08. 12.Eylül.2010 tarihinde, diğer partilerin siyaset bilmemesi, gerçek durumu okuyamaması neticesinde, kendileri için teşvik ettikleri sadet sebebi ile AKP durup dururken, halktan güven oyu da almış oldu. AKP sevilir ya da sevilmez. AKP ya da hükümetten bazı fertler, sevilirler ya da sevilmezler. Sevmeyen önümüzdeki seçimde AKP’ye oy vermez. AKP de yanlış yaparsa; herkes gibi O da gider. Bu konular benim tavrımdaki bir insanı, asla ilgilendirmez. Beni sadece Dünya’da ve ülkemde yapılan ve alınan neticeler ilgilendirir. Ve ben ancak bu şartlara mebni, karar ya da oy veririm. Hiçbir partiye kul olamam. Sayın olan seçmen olarak benimdir. Her seçilen de, bana hizmet etmekle yükümlü vekilimdir. Ben sayınsam o sayın olabilir ya da olamaz.

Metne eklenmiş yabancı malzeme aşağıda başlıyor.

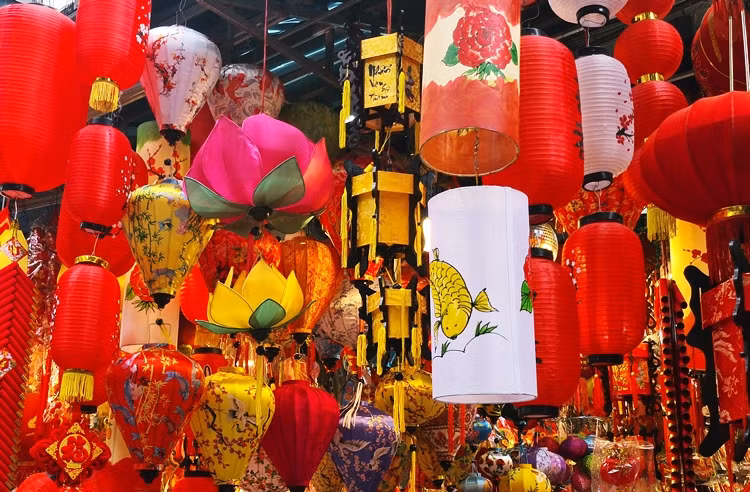 Những chiếc đèn lồng với đầy đủ mẫu mã, kích thước cho khách hàng thỏa sức lựa chọn.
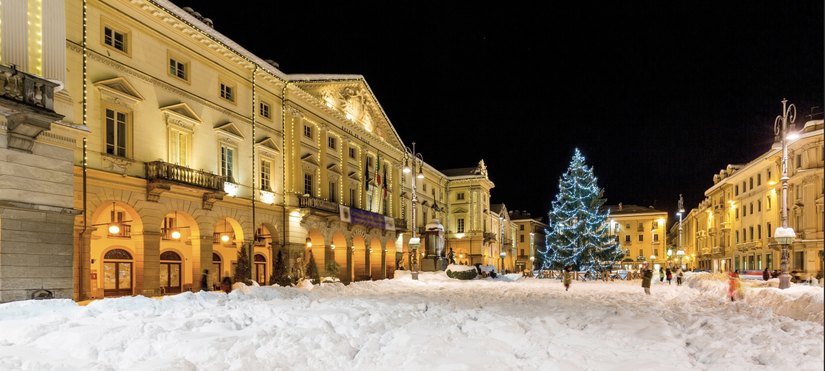 Aosta, Piazza Chanoux 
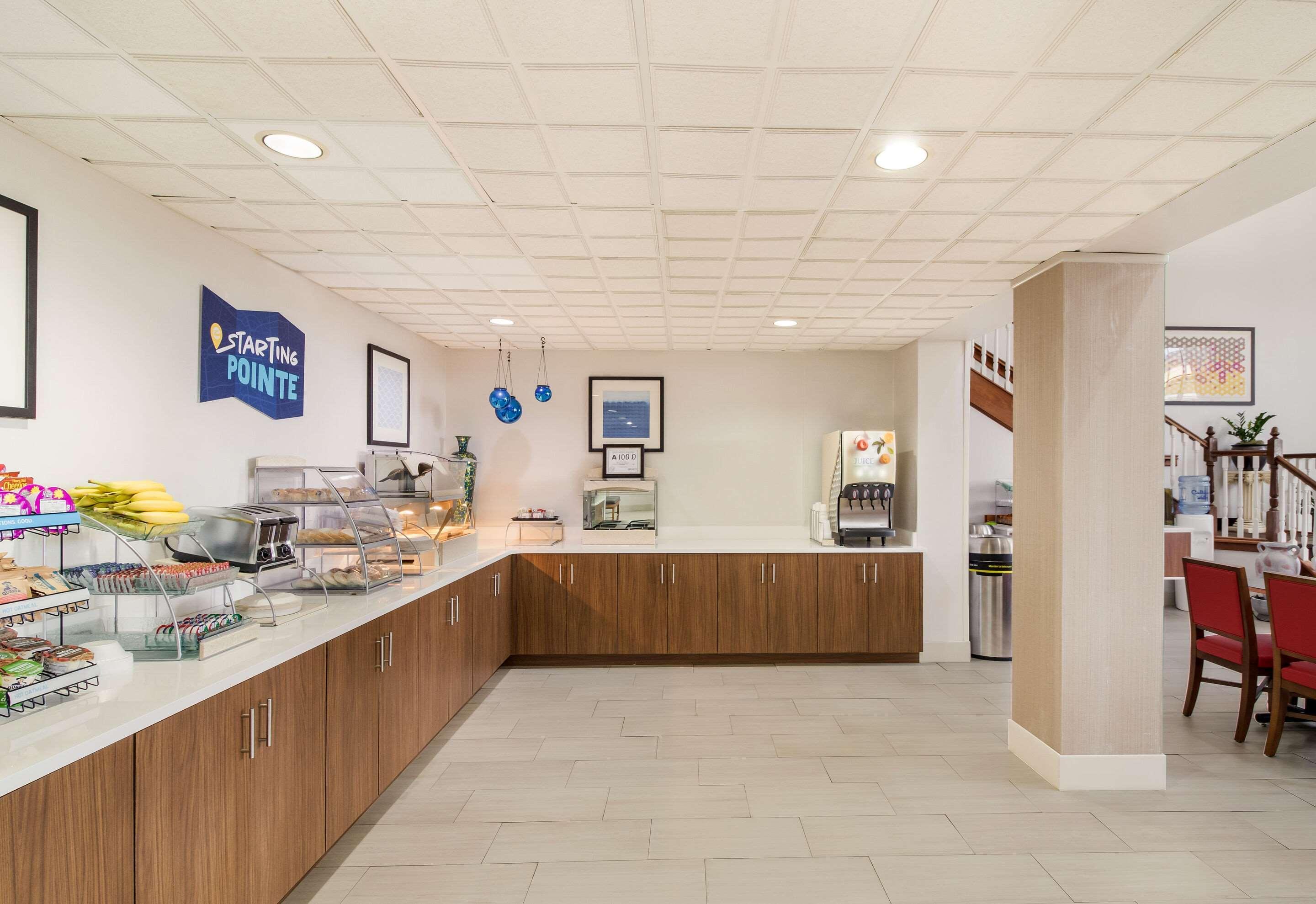 Clarion Pointe New Bern Hotel Ngoại thất bức ảnh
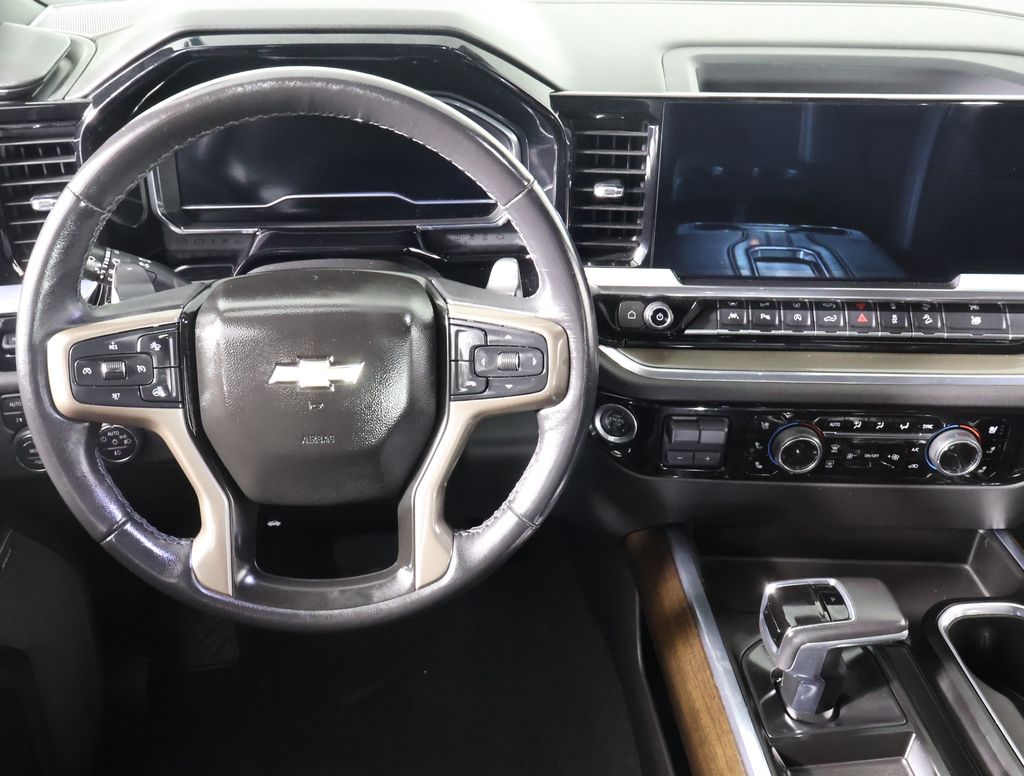 2022 Chevrolet Silverado 1500 High Country photo 17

Tavsiyem Sizler de böyle düşünüp böyle yapın. Takım tutun ama asla parti tutmayın. İnsan gol yiyicince topa, takıma, teknik adamlara, suç bulabiliyor da; seçtiği siyasilerden kazık yiyince, kendine kendisinden başka muhatap bulamıyor.

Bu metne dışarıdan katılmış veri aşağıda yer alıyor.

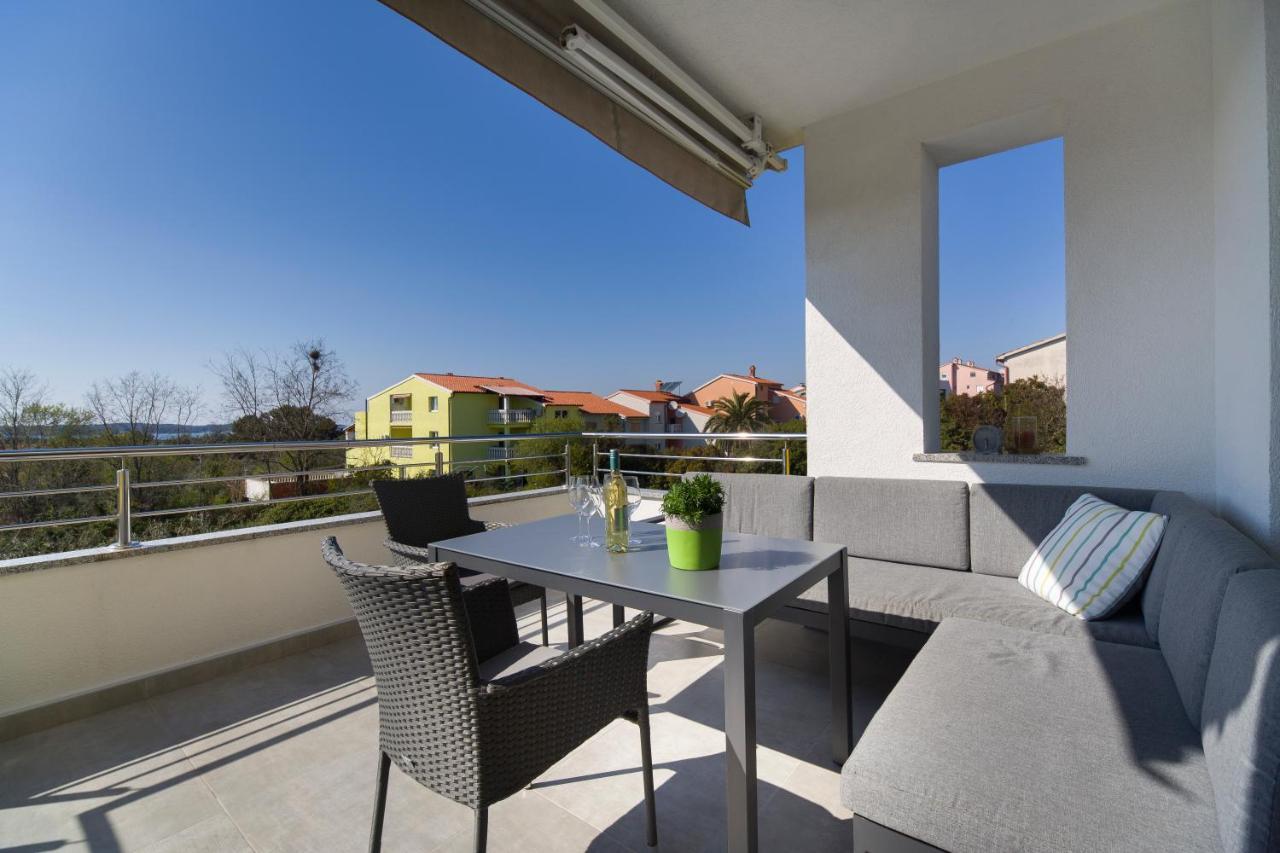 Apartment Marica Pula Bagian luar foto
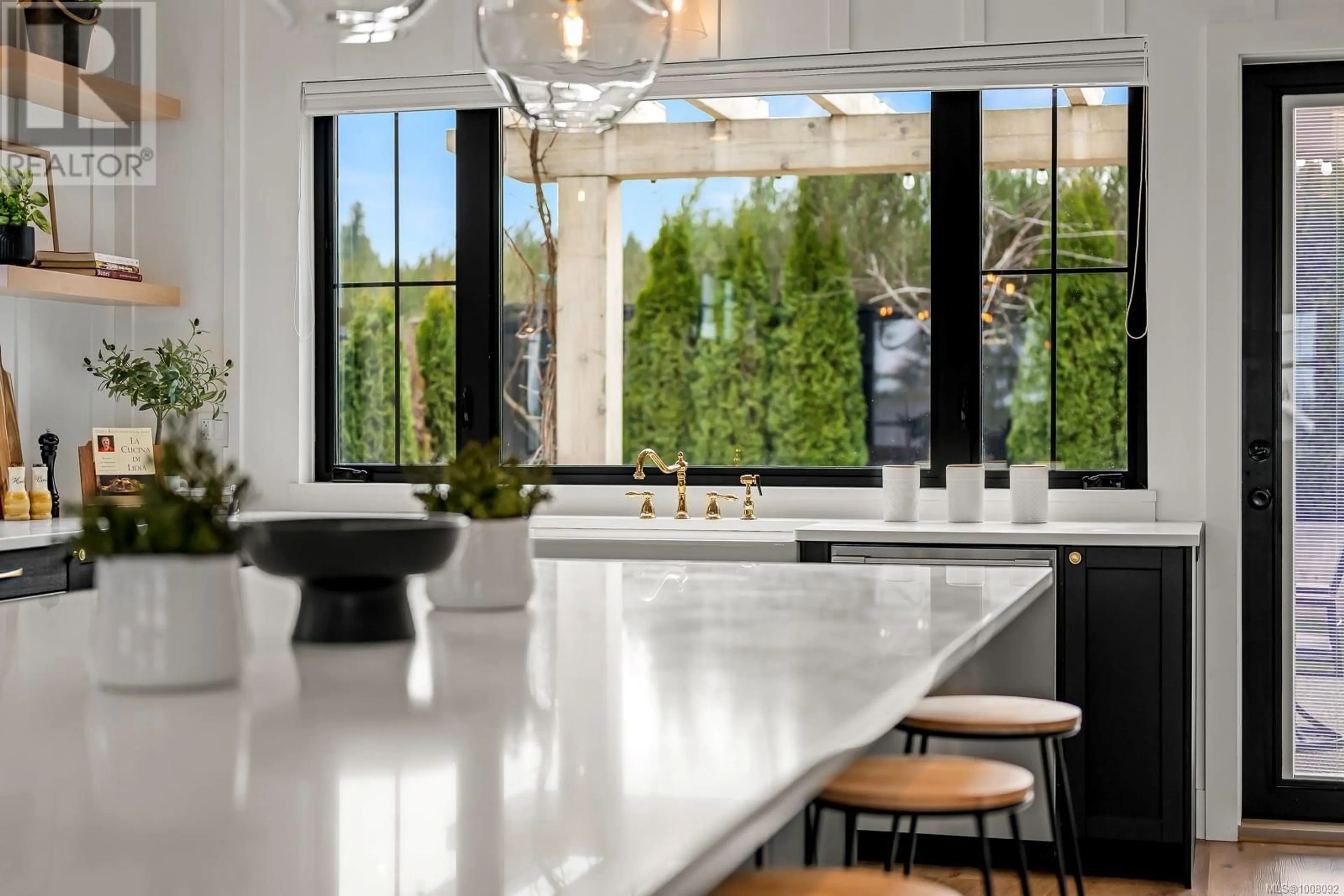 Contemporary kitchen, ceramic/tile floor for 1371 CROWN ISLE BOULEVARD, Courtenay British Columbia V9N0E2
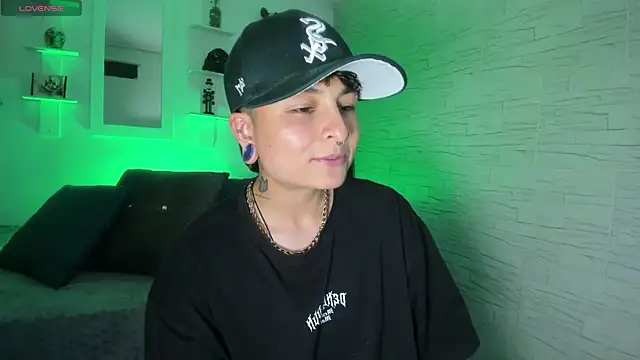 Snapshot of ZuryRamirez_ chatting on 10.11.25 ZuryRamirez online show from 10.11.25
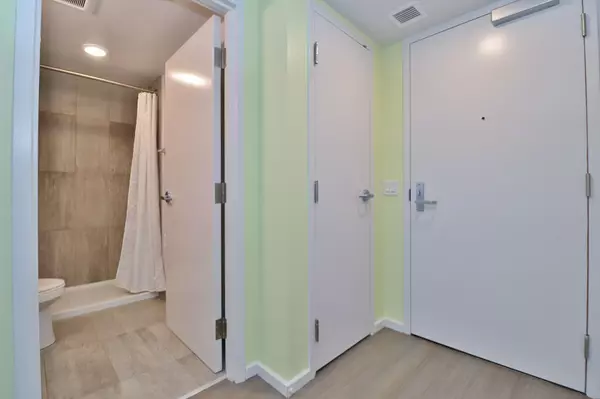 Dows Lake - Civic Hospital And Area, ON K1S 5E5,105 Champagne AVE S #1602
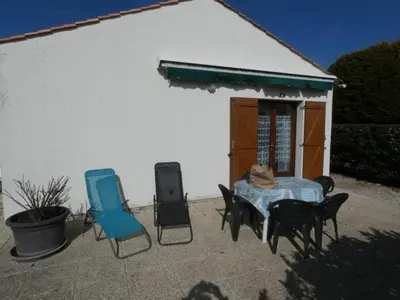 Terrasse ou espace extérieur de l'établissement Maison familiale avec piscine, 5 personnes, près plage - FR-1-540-186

09. Referandumdan Bir İki hafta kadar önce, Bakan Egemen Bağış’ın bir sene süren çabaları neticesinde, yurdumuza U2 grubunun geldiğini, Başbakan ile Bir İki saat kadar görüştüklerini, Boğaz köprüsü üzerinde Avrupa Asya yürüyüşü yaptıklarını öğrendim. Bu kişilerin kıymet-i harbisi nedir? Bu referandum hengâmesi içinde işleri ne oluyor, diye kurcaladığımda? Çok güzel, çok önemli, çok faydalı ve de getirisi çok ciddi bir iş yapıldığı kanaatine vardım. Türkiye için referandum mitingleri ertelenmişti. Derken konserleri esnasında U2 grubu, kendisine teşekkür etmek için, Egemen Bağış ismini telâffuz ettiklerinde, oraya müzik dinlemek için toplanmış olan sanat severlerden elitist bazılarının, bu ismi yuhaladığını öğrendim.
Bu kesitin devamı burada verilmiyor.